The two usual—and generally ineffective—solutions to the problem of addiction are 12-step programs (AA, NA) and criminalization (drug courts, locking up users). But people and their problems are more complex than those approaches recognize. 12-step programs work for some, but there are many more for whom they do not. Fortunately, 12-step approaches are no longer the only game in town. The smartest way forward is to explore multiple paths to recovery, almost nonexistent during Alex’s active addiction days. And, despite the growing recognition that the War on Drugs has failed, politicians chasing tough-on-crime headlines will never admit it.
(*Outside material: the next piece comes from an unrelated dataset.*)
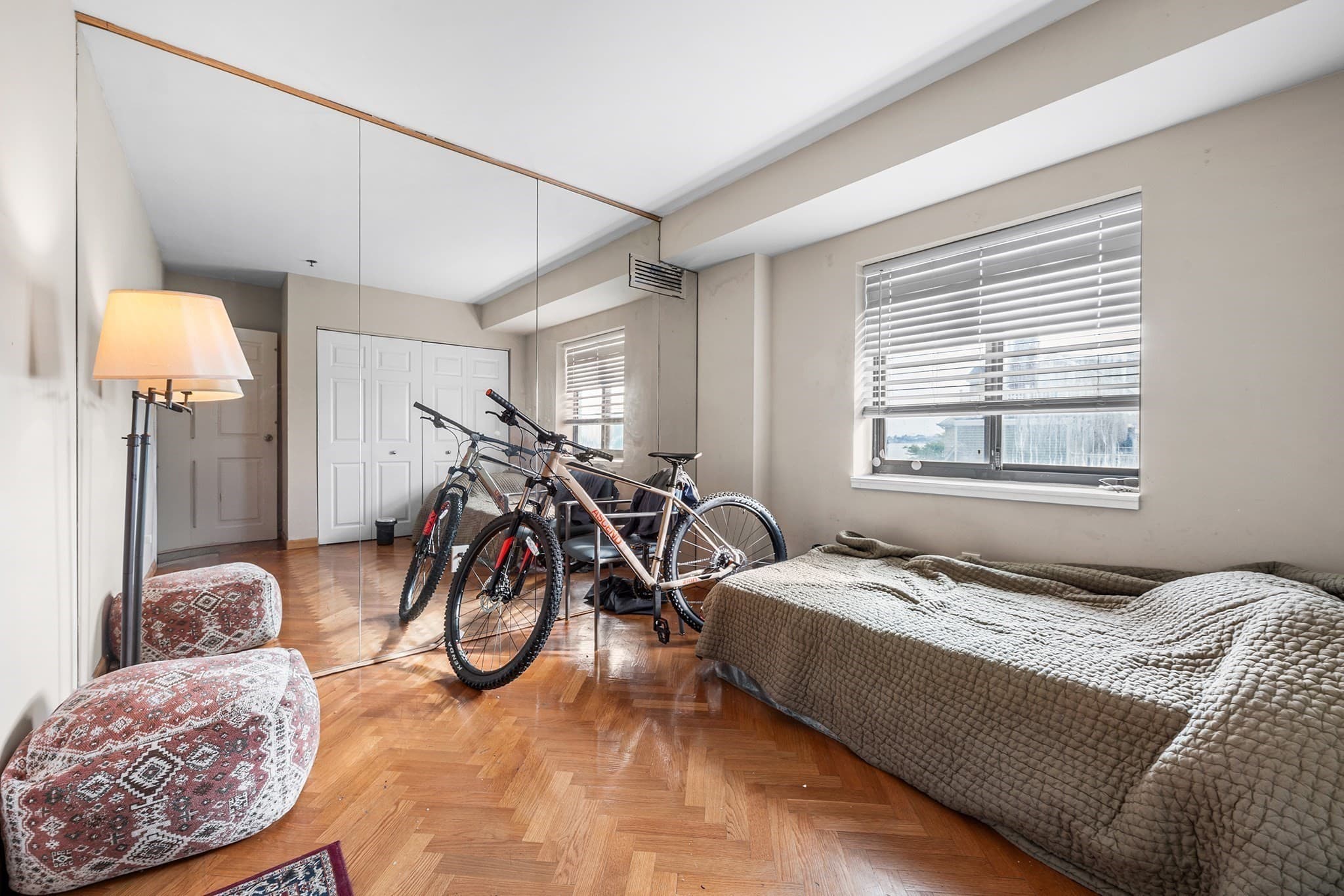 Condominium at 474 Revere Beach Blvd # 202, Revere MA 02151, Revere, photo 10 of 23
Relying on incarceration will lead only to more dead Americans, especially young Americans.
Health activists have fought for, and begun to popularize, strategies that prioritize health care over criminal justice approaches. It is called harm reduction. Although many Americans misunderstand it, its practices have been around for years. Seat belt laws, helmets, designated drivers, and anti-smoking efforts are examples, as was wearing masks during Covid. During the HIV/AIDS epidemic distributing syringes decreased deaths. Nowadays, fentanyl test strips, Good Samaritan Laws, and overdose prevention sites have proven to reduce overdose deaths. These strategies make the most sense if we think of people who suffer with addiction in the same light as those who struggle with diabetes or lung cancer.
How can we facilitate recovery? How can we prevent deaths? Incarceration doesn’t work. Tough love doesn’t work.
Here are proposed solutions:
- We need to meet substance users where they are, providing health care that sustains life until they’re ready to stop or reduce using. This would entail reforming ineffective treatment systems, introducing proven medications for substance use disorder.
- It would also require low barrier access to safe use supply. Narcan should be ubiquitous so that more overdoses can be reversed wherever they occur.
- And looking more broadly, we should also decriminalize and regulate drugs; ensure all Americans have insurance, lengthy enough to support recovery and in parity with that available for physical illnesses; and guarantee housing for anyone in need. One can’t succeed in recovery without a place to live.
We need to turn away from failure. We need to try a different way. We must recognize that substance users who fall into addiction are human beings. They are us.
I imagine a world steeped in compassionate, paradigm-shifting harm reduction. Alex might have survived if we had lived in that world. If only.
Understanding the larger, systemic picture is key to understanding how to fix the problem, and the constructive roles that and private partnerships can play in developing solutions. Then we can really hope again.